難しい言葉と言う葉っぱは、簡素な言葉と言う森に紛れさせてこそ真価があると思います。
これは小説にしろスピーチにしろプロポーズにしろ日常会話にしろ、です。
つまり私の場合、小説を書き続けた結果、逆に口数が少なめの人間に変わっていった事になります。
先日、あるトラブルでゴネてた人が居たので色々説明する機会があったのですが、その人物をよく知る知人に説明が足りないと言われました。
大事な要点は押さえていましたし、この人物のようなタイプは、言葉が多ければ多いほど枝葉末節な部分を無差別に拾い、論点がどんどんズレていく危険があると言う判断でした。
しかし知人が言うには「あの人には1から10まで説明しないと、空白の部分を勝手に埋めて暴走する」との事で。
まこと、この世はめんどくさ――ひと筋縄ではいきません。
また、自費出版を考えていた時期、その印刷会社が地元のローカルな発信を行っていた関係でインタビューを受け、最後に一言、意気込みをコメントする機会がありましたが、これについても先方は「小説家ならではの濃い言葉を!」と期待していたそうで、肩透かしを与えてしまったのではと思います。
プロポーズの言葉なんかも、友人らにはさぞ凝った演出と言い回しがあったのだろう、と言われたのですが、そうでもありません。
大袈裟な言葉や力のこもった言葉、そして偉人や名作の引用と言った言葉には、発した本人を酔わせ惑わせる効果があると、私は考えます。
一応人生のターニングポイントになるであろう時にこそ、文字通り自分の言葉に酔うべきではない。そう考えました。大事な事を決める話で、お酒は原則飲まないでしょう。
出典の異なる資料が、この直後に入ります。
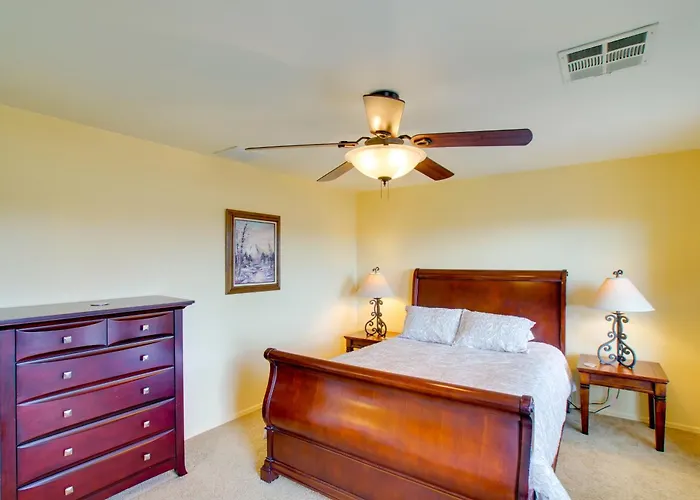 Patio & Community Perks! San Tan Mountain Retreat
特に偉人や名作の引用については、自分の力で出した言葉ではない事を忘れると、色々と見誤る危険も伴うと思います。
周囲の“小説家”への偏見もさる事ながら、自分自身が“小説家らしさ”と言う世の中のステレオタイプに引っ張られ、盲目になる事もまた、気を付けねばと思います。
まあ、自分に関係の無い分野とは、理屈をすっ飛ばしたステレオタイプで見られがちとは思います。
掘り下げて調べるのは莫大な労力が掛かりますし、また、それだけの労力を支払う意義も感じられない。
だから、先人達の総評を手懸かりにして、とりあえずの評価を下す。
私達とて、例えば俳優やタレントの私生活は、みんな派手で豊かだと思い込みがちでは無いでしょうか。ボクサーは皆が皆オラオラ系だ、とも。
感情とは価値判断のショートカット機能である(伊藤計劃著・虐殺器官)という一文をまた思い出します。
あっ、これも名作の引用でした。
小説家とは、必ずしも理屈屋・お喋りでは無いと言うのが私の考えですが、皆様はいかがでしょう。